··· Records shown ···

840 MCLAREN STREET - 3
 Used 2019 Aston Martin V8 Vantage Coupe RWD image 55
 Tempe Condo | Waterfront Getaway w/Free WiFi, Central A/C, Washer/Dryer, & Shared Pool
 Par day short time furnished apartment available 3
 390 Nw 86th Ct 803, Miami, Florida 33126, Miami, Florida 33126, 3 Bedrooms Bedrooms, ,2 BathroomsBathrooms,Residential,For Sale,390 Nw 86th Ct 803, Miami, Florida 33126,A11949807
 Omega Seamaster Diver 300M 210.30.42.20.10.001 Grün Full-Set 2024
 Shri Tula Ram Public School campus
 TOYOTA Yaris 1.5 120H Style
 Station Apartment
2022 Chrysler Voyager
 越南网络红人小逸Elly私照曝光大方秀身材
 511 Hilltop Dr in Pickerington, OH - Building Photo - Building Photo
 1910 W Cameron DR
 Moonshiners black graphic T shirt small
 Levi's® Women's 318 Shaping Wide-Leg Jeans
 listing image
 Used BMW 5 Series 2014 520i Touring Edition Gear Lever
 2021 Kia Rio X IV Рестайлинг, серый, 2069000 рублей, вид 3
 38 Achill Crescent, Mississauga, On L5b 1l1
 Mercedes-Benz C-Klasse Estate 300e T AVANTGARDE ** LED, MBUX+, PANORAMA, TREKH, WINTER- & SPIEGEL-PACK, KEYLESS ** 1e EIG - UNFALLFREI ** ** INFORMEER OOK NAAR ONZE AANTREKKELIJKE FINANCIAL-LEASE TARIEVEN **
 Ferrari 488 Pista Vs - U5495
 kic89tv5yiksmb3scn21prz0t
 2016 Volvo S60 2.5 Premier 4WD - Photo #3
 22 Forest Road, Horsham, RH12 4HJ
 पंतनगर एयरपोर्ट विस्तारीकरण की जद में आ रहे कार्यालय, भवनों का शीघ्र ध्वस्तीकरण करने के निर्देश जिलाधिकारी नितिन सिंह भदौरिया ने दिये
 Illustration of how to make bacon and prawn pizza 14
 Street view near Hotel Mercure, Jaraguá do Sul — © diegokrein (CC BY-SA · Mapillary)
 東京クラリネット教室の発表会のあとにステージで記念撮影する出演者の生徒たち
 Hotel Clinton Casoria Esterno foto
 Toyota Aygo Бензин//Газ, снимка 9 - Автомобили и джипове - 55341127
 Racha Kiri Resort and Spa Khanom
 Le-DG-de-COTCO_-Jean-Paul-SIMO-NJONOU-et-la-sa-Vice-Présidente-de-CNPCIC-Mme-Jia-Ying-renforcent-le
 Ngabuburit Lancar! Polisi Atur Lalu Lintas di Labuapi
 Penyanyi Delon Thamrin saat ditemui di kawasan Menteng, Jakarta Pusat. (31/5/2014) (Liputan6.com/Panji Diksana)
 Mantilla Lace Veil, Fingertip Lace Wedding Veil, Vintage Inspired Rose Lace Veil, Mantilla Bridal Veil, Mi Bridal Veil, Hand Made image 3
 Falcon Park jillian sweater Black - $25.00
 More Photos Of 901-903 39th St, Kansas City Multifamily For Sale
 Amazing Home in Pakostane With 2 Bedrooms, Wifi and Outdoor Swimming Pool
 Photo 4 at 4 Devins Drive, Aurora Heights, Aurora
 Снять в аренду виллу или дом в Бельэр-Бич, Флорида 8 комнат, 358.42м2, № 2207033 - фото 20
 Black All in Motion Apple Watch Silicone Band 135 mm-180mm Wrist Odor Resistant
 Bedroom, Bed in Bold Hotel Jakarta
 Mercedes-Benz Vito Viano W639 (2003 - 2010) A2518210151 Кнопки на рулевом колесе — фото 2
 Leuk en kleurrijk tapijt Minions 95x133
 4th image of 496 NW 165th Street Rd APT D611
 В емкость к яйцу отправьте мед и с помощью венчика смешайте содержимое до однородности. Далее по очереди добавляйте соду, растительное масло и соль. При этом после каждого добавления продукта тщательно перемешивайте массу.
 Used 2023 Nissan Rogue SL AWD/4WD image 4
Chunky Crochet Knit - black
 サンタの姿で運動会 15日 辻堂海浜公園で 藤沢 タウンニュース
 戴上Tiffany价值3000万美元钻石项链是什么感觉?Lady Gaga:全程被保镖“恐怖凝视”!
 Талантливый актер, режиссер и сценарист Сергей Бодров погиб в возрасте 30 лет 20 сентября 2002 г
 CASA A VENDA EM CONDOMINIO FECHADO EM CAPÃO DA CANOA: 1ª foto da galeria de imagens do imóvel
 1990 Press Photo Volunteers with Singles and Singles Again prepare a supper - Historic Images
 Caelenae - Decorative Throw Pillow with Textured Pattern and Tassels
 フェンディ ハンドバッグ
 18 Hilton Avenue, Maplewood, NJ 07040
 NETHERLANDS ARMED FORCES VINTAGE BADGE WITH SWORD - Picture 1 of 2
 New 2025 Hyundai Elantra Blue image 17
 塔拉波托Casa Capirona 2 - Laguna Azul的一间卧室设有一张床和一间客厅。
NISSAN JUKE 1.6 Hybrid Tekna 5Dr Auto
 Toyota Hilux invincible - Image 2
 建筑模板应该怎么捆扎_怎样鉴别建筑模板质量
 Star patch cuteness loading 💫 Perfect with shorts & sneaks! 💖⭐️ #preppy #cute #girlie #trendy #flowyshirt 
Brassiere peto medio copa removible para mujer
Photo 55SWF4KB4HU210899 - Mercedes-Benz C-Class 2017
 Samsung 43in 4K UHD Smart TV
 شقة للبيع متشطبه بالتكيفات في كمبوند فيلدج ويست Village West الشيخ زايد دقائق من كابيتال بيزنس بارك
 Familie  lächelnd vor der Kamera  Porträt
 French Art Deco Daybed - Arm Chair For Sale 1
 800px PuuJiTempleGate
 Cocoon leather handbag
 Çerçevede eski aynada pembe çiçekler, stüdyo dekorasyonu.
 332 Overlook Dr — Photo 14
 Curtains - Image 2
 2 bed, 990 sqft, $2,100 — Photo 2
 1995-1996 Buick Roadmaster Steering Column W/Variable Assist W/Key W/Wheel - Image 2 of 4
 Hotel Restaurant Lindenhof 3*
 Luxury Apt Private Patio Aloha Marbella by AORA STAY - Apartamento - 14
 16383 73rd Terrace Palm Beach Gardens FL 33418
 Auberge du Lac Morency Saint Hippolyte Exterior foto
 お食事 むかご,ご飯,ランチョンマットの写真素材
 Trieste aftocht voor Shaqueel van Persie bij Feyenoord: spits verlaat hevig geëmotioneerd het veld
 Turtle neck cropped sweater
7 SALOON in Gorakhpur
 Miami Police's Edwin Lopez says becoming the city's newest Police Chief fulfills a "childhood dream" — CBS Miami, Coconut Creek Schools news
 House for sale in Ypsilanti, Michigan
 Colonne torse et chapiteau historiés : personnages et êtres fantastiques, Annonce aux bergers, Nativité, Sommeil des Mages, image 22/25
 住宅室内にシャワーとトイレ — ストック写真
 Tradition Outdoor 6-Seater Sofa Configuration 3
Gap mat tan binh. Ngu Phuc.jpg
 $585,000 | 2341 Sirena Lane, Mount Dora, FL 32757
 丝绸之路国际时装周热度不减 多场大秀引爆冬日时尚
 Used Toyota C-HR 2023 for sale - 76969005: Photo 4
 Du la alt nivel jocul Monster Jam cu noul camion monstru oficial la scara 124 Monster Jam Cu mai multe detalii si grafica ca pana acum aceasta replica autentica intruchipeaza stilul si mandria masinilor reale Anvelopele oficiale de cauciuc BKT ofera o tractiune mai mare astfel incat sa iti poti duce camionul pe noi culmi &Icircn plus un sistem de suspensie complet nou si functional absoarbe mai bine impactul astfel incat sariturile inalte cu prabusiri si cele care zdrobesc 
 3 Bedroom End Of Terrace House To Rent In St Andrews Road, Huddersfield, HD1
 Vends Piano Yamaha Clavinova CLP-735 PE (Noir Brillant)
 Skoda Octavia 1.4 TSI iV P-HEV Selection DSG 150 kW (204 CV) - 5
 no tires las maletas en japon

···

• [Prompt]
Copy out precisely the lines from the line with "Omega Seamaster Diver" to the line with "Used BMW 5 Series" in the material above, including those two lines and omitting all the rest.

• [Response to this exercise]
 Omega Seamaster Diver 300M 210.30.42.20.10.001 Grün Full-Set 2024
 Shri Tula Ram Public School campus
 TOYOTA Yaris 1.5 120H Style
 Station Apartment
2022 Chrysler Voyager
 越南网络红人小逸Elly私照曝光大方秀身材
 511 Hilltop Dr in Pickerington, OH - Building Photo - Building Photo
 1910 W Cameron DR
 Moonshiners black graphic T shirt small
 Levi's® Women's 318 Shaping Wide-Leg Jeans
 listing image
 Used BMW 5 Series 2014 520i Touring Edition Gear Lever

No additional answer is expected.